INDONESIA'S climate change credentials are in tatters after a key player in the country's illegal logging business was acquitted of criminal charges over the destruction of 58,000ha of virgin Sumatran forest. Businessman Adelin Lis, the subject of an international manhunt and what Sumatran police called the most comprehensive investigation they have conducted into forest destruction, avoided a 10-year jail sentence and more than 120 billion rupiah ($14.4 million) in fines and reforestation imposts.
Judges at the Medan District Court, in central Sumatra, ruled on Monday that the evidence against Mr Lis was inadequate to prove anything other than "administrative neglect". Environmental protection groups were assessing their next moves yesterday but predicted the world's judgment would be harsh ahead of the UN climate change conference in Bali next month. "This does irreparable damage to Indonesia's forest protection credentials," Rully Syumanda, legal adviser to the peak environment body Walhi, told The Australian.

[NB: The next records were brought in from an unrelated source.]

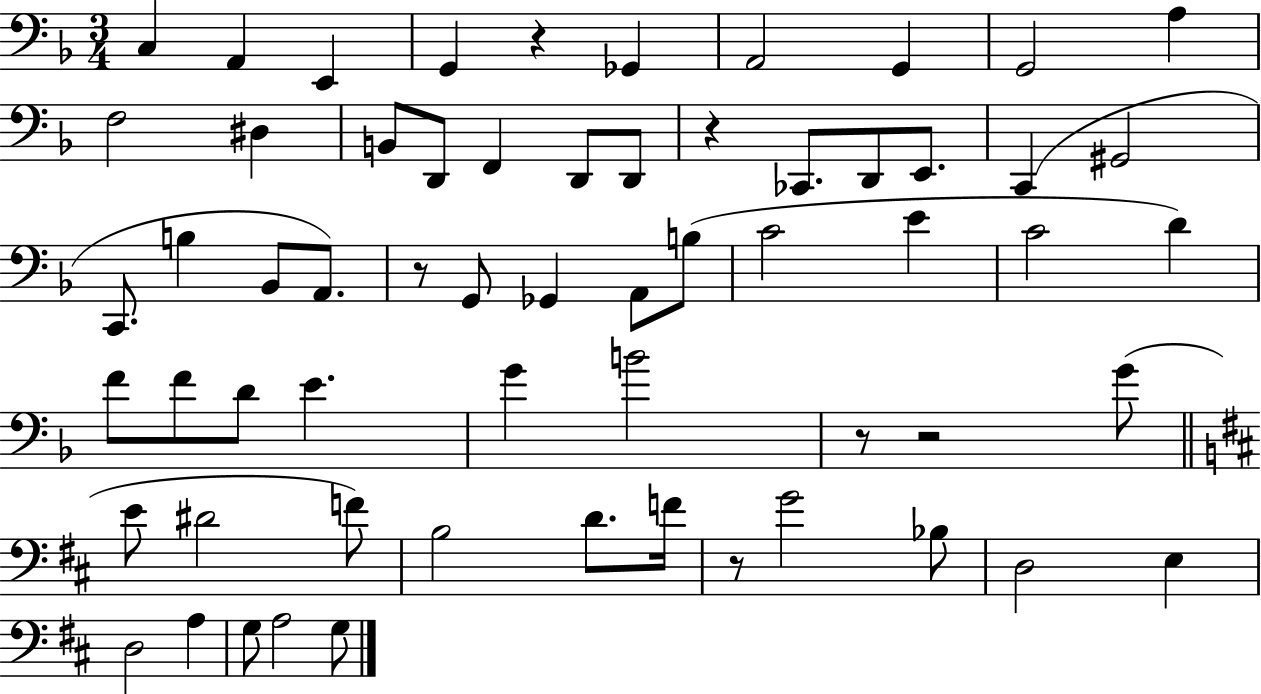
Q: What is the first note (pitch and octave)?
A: C3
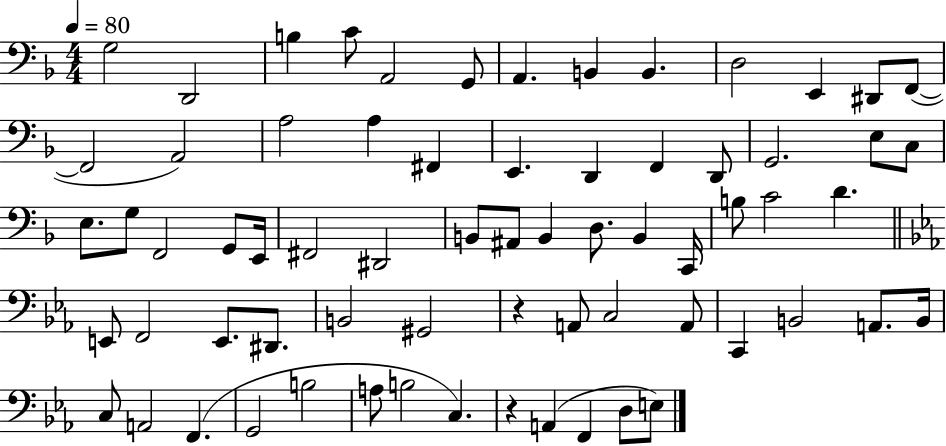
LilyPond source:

{
  \clef bass
  \numericTimeSignature
  \time 4/4
  \key f \major
  \tempo 4 = 80
  \repeat volta 2 { g2 d,2 | b4 c'8 a,2 g,8 | a,4. b,4 b,4. | d2 e,4 dis,8 f,8~(~ | \break f,2 a,2) | a2 a4 fis,4 | e,4. d,4 f,4 d,8 | g,2. e8 c8 | \break e8. g8 f,2 g,8 e,16 | fis,2 dis,2 | b,8 ais,8 b,4 d8. b,4 c,16 | b8 c'2 d'4. | \break \bar "||" \break \key ees \major e,8 f,2 e,8. dis,8. | b,2 gis,2 | r4 a,8 c2 a,8 | c,4 b,2 a,8. b,16 | \break c8 a,2 f,4.( | g,2 b2 | a8 b2 c4.) | r4 a,4( f,4 d8 e8) | \break } \bar "|."
}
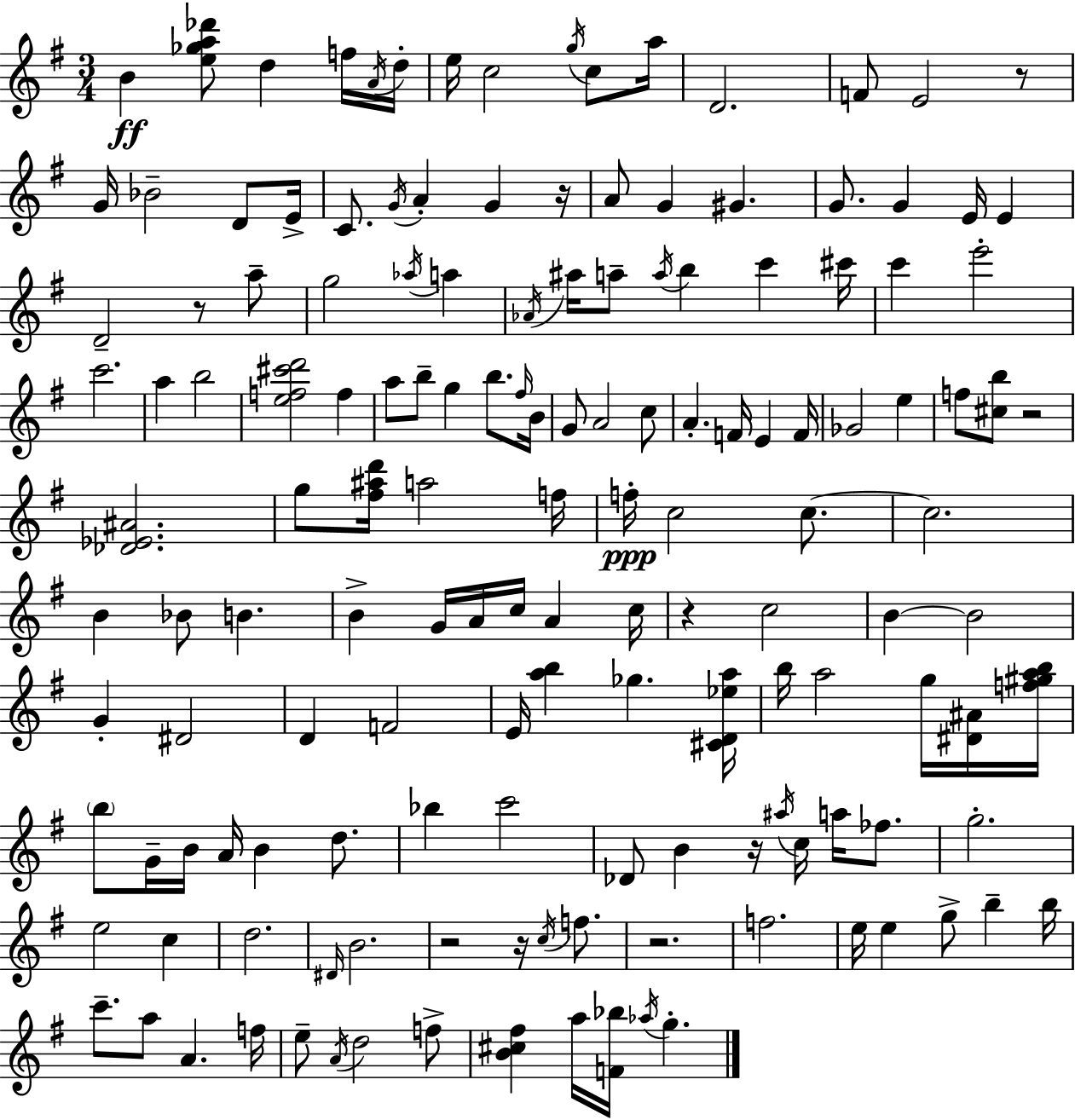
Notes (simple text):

B4/q [E5,Gb5,A5,Db6]/e D5/q F5/s A4/s D5/s E5/s C5/h G5/s C5/e A5/s D4/h. F4/e E4/h R/e G4/s Bb4/h D4/e E4/s C4/e. G4/s A4/q G4/q R/s A4/e G4/q G#4/q. G4/e. G4/q E4/s E4/q D4/h R/e A5/e G5/h Ab5/s A5/q Ab4/s A#5/s A5/e A5/s B5/q C6/q C#6/s C6/q E6/h C6/h. A5/q B5/h [E5,F5,C#6,D6]/h F5/q A5/e B5/e G5/q B5/e. F#5/s B4/s G4/e A4/h C5/e A4/q. F4/s E4/q F4/s Gb4/h E5/q F5/e [C#5,B5]/e R/h [Db4,Eb4,A#4]/h. G5/e [F#5,A#5,D6]/s A5/h F5/s F5/s C5/h C5/e. C5/h. B4/q Bb4/e B4/q. B4/q G4/s A4/s C5/s A4/q C5/s R/q C5/h B4/q B4/h G4/q D#4/h D4/q F4/h E4/s [A5,B5]/q Gb5/q. [C#4,D4,Eb5,A5]/s B5/s A5/h G5/s [D#4,A#4]/s [F5,G#5,A5,B5]/s B5/e G4/s B4/s A4/s B4/q D5/e. Bb5/q C6/h Db4/e B4/q R/s A#5/s C5/s A5/s FES5/e. G5/h. E5/h C5/q D5/h. D#4/s B4/h. R/h R/s C5/s F5/e. R/h. F5/h. E5/s E5/q G5/e B5/q B5/s C6/e. A5/e A4/q. F5/s E5/e A4/s D5/h F5/e [B4,C#5,F#5]/q A5/s [F4,Bb5]/s Ab5/s G5/q.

Mr Lis was arrested in Beijing last year after fleeing charges of illegal logging causing damages to the state estimated at Rp230trillion. The head of forestry firm Majur Timber Group and two related companies, he was charged under anti-corruption laws with failing to pay forestry concession fees and compulsory reforestation funds.
In Riau alone, a single province of Sumatra, police say the damages in all illegal logging cases they have taken through to prosecution stage is Rp1800 trillion, though they admit that is a fraction of the real total. The prosecution success rate is "less than 1 per cent, and that's usually truck drivers and plantation workers", Mr Syumanda said yesterday. "The directors or agents ... are never touched."